Question

How do you find the derivative of $\dfrac{1}{{\sin x}}$ ?

Answer 1

Hint: We have to find the differentiation of the function $\dfrac{1}{{\sin x}}$. Take 1 as the first function and $\sin x$ as the second function and differentiate by using the quotient rule. The rule which is to be used to solve this question is –
$\dfrac{{dy}}{{dx}}\left( {\dfrac{{f\left( x \right)}}{{g\left( x \right)}}} \right) = \dfrac{{g\left( x \right)f'\left( x \right) - f\left( x \right)g'\left( x \right)}}{{{{\left( {g\left( x \right)} \right)}^2}}}$
where, $f\left( x \right)$ is the first function and $g\left( x \right)$ is the second function.

Complete Step by Step Solution:
From the question, we are given with the function $\dfrac{1}{{\sin x}}$. In this function we can clearly see that this function is of the two differentiable functions. So, we can use the quotient rule of differentiation to solve this question.
In calculus, the quotient rule can be defined as the method for finding the differentiation of that function which is the ratio of two differentiable functions.
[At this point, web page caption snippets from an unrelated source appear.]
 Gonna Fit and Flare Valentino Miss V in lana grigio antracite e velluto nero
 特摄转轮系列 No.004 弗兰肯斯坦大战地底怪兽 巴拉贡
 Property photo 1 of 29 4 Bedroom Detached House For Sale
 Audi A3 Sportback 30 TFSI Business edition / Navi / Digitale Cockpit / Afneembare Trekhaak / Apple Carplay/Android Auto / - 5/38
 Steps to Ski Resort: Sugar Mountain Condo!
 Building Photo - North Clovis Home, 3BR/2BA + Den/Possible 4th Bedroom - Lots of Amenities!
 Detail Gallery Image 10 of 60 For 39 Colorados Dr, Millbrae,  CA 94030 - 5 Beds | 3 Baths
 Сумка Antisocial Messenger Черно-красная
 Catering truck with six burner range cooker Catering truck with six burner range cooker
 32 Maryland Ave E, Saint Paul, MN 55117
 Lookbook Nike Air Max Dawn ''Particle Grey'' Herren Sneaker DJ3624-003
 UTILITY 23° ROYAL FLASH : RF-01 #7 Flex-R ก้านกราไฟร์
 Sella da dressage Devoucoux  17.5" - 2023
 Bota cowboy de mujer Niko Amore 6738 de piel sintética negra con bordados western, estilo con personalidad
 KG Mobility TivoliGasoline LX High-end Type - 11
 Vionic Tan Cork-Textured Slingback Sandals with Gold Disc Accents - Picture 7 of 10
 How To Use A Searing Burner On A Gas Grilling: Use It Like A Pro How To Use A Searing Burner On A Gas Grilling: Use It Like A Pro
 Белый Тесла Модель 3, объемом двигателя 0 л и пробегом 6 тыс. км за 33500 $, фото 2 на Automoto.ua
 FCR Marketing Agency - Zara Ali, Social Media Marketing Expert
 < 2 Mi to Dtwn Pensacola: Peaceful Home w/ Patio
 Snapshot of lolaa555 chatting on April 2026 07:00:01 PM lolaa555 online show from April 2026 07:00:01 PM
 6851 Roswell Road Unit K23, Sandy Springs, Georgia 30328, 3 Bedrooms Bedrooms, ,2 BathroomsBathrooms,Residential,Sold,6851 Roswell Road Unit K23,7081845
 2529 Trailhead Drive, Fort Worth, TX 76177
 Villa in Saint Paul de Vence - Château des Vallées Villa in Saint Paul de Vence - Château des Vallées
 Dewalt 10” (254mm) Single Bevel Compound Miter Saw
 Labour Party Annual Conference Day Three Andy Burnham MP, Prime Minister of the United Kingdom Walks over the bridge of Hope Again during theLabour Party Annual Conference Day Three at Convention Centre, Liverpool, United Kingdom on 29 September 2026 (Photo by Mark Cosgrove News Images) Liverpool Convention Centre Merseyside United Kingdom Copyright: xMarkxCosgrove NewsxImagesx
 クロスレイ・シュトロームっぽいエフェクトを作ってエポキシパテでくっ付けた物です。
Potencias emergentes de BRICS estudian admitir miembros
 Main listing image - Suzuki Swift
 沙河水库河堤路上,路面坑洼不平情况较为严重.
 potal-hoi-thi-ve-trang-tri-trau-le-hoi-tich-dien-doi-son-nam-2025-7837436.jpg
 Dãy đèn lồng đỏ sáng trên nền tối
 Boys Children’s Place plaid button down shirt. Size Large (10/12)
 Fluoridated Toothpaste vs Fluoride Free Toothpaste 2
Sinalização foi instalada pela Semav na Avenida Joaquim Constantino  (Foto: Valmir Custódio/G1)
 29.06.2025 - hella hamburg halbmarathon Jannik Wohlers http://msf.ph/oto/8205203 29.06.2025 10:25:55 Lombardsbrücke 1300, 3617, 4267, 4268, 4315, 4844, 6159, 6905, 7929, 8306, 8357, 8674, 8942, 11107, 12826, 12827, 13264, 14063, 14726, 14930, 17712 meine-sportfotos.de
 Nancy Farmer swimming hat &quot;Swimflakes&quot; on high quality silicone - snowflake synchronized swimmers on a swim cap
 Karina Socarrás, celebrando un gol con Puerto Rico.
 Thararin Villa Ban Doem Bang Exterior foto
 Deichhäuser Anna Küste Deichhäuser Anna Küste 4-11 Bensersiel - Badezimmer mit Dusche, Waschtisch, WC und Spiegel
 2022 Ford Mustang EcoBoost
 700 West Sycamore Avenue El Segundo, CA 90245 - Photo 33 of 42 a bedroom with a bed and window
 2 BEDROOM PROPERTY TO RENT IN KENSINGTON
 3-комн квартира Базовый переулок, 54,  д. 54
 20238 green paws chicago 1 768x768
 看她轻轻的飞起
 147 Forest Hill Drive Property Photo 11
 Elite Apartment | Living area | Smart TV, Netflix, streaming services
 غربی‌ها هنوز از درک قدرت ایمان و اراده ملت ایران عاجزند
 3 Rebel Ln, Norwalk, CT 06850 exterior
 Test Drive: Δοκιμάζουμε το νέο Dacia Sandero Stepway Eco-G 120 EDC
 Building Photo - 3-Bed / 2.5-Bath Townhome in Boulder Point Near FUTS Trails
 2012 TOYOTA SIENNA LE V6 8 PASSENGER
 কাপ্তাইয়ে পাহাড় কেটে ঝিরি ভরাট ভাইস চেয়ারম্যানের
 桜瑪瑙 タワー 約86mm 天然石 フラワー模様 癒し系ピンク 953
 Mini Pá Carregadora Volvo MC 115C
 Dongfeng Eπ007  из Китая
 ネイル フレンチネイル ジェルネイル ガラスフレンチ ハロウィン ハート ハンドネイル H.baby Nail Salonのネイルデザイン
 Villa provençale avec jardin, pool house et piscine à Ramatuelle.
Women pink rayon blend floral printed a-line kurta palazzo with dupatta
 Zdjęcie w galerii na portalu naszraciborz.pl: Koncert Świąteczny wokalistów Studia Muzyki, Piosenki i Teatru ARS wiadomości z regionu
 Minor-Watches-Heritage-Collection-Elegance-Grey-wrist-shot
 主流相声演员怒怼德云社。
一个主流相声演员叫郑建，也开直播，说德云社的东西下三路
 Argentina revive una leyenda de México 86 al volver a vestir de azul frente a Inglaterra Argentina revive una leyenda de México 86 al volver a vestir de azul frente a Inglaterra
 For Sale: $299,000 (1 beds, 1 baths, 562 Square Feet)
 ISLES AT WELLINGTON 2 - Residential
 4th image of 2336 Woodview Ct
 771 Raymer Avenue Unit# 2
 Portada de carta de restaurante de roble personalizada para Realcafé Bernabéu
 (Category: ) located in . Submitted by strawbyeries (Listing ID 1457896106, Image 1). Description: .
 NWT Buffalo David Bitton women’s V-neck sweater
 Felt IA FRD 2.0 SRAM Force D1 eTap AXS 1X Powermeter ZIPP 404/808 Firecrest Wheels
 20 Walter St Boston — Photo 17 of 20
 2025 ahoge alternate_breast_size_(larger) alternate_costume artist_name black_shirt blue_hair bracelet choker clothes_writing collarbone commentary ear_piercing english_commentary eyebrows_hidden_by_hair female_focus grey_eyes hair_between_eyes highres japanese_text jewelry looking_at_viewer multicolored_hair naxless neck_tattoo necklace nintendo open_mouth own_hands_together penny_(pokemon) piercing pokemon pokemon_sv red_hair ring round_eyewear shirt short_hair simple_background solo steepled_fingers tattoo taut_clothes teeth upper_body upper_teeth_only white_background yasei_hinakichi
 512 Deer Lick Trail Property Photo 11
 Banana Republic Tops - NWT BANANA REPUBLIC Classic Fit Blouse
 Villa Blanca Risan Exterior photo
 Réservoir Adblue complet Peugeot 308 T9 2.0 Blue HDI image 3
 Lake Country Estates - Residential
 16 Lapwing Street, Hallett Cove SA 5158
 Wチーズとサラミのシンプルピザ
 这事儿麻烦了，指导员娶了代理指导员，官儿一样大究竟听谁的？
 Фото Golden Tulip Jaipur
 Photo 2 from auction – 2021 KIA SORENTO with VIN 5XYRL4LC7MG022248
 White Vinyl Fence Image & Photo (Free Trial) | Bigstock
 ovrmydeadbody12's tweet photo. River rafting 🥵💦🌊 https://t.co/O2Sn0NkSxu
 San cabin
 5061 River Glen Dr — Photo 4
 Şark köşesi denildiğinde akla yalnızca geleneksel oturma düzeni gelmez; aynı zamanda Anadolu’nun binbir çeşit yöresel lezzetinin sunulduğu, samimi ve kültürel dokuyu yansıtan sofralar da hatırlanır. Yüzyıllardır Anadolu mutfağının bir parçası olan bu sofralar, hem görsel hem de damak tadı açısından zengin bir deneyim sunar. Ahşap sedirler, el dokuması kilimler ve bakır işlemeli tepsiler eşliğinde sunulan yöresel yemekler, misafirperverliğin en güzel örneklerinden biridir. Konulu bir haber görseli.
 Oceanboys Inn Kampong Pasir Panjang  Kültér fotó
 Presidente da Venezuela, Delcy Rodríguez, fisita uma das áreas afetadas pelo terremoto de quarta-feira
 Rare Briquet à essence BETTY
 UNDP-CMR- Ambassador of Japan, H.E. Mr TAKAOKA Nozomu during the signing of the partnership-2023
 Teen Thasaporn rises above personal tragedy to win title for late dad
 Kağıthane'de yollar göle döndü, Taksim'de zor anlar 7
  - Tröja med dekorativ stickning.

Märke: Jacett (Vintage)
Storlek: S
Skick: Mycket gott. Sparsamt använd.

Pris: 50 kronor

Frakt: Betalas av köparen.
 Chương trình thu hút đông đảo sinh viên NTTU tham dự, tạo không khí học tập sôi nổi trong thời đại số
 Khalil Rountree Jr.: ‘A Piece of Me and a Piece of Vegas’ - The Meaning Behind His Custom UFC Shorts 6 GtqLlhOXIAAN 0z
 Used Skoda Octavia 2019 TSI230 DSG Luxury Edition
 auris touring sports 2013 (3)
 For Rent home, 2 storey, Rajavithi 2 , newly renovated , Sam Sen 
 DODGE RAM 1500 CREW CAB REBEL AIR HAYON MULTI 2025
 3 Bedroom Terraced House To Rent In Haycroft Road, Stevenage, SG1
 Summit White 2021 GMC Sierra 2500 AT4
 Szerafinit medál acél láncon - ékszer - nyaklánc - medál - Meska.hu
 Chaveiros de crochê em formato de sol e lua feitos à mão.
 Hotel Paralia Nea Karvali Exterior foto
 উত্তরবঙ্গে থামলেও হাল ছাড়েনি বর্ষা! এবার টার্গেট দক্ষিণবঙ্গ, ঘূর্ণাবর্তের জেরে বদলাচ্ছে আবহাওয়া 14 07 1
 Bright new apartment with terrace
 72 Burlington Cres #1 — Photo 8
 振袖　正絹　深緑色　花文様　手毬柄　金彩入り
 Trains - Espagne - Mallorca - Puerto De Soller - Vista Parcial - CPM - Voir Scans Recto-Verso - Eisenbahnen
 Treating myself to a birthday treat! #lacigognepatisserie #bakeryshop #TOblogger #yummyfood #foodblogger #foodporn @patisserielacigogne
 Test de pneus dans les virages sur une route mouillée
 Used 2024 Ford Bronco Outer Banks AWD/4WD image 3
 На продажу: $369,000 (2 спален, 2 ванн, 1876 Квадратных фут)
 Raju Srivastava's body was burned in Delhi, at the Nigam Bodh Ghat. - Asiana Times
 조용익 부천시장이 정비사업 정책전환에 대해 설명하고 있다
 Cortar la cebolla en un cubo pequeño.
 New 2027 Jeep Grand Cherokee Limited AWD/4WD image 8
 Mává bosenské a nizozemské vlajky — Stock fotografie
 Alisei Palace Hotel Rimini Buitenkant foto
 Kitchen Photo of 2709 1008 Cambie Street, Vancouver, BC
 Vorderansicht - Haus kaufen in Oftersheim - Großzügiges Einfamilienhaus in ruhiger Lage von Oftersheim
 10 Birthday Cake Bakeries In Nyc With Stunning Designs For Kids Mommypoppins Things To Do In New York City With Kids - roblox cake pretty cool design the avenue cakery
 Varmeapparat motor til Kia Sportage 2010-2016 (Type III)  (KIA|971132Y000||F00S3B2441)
Let $y = \dfrac{{f\left( x \right)}}{{g\left( x \right)}}$ , where both the functions $f$ and $g$ are differentiable and $g\left( x \right) \ne 0$. Then, by using the quotient rule the derivative of $y$ function can be done as –
$\dfrac{{dy}}{{dx}} = \dfrac{{g\left( x \right)f'\left( x \right) - f\left( x \right)g'\left( x \right)}}{{{{\left( {g\left( x \right)} \right)}^2}}} \cdots \left( 1 \right)$
So, we have the function $\dfrac{1}{{\sin x}}$ .
Therefore, let $y = \dfrac{1}{{\sin x}}$ , $f\left( x \right) = 1$ and $g\left( x \right) = \sin x$
Putting the values of $y,f\left( x \right)$ and $g\left( x \right)$ from the above in the equation (1), we get –
$ \Rightarrow \dfrac{d}{{dx}}\left( {\dfrac{1}{{\sin x}}} \right) = \dfrac{{\sin x\dfrac{d}{{dx}}\left( 1 \right) - 1\dfrac{d}{{dx}}\left( {\sin x} \right)}}{{{{\left( {\sin x} \right)}^2}}}$
We know that the differentiation of any constant value is always 0, so, doing differentiation of 1, which is constant in the above equation, we get –
$ \Rightarrow \dfrac{d}{{dx}}\left( {\dfrac{1}{{\sin x}}} \right) = \dfrac{{\sin x \times 0 - \dfrac{d}{{dx}}\left( {\sin x} \right)}}{{{{\sin }^2}x}}$
We also know that the differentiation of $\sin x$ with respect to $x$ is $\cos x$ . So, doing the differentiation of $\sin x$ with respect to $x$ in the above equation, we get –
$ \Rightarrow \dfrac{d}{{dx}}\left( {\dfrac{1}{{\sin x}}} \right) = - \dfrac{{\cos x}}{{{{\sin }^2}x}}$
The above differentiation of the function $\dfrac{1}{{\sin x}}$ can also be simplified, so that it becomes easy. Therefore, it can also be written as –
$ \Rightarrow \dfrac{d}{{dx}}\left( {\dfrac{1}{{\sin x}}} \right) = - \dfrac{{\cos x}}{{\sin x}} \times \dfrac{1}{{\sin x}}$
Now, we know that the ratio of $\cos x$ and $\sin x$ is known as $\cot x$ which is opposite of $\tan x$ and the inverse of $\sin x$ is known as $\cos ecx$. So, using these to simplify the differentiation, we get –
$ \Rightarrow \dfrac{d}{{dx}}\left( {\dfrac{1}{{\sin x}}} \right) = - \cot \left( x \right)\cos ec\left( x \right)$

Hence, $ - \cot \left( x \right)\cos ec\left( x \right)$ is the required derivative of the function $\dfrac{1}{{\sin x}}$.

Note:
The function given in the question, $\dfrac{1}{{\sin x}}$ ,can also be written as $\cos ecx$ as it is the inverse of $\sin x$ and then, we can directly get our answer without using the quotient rule which is $ - \cot \left( x \right)\cos ec\left( x \right)$ as this is the differentiation of $\cos ecx$.
Always try to simplify your answer as much as you can because it gives the good impression on your answer.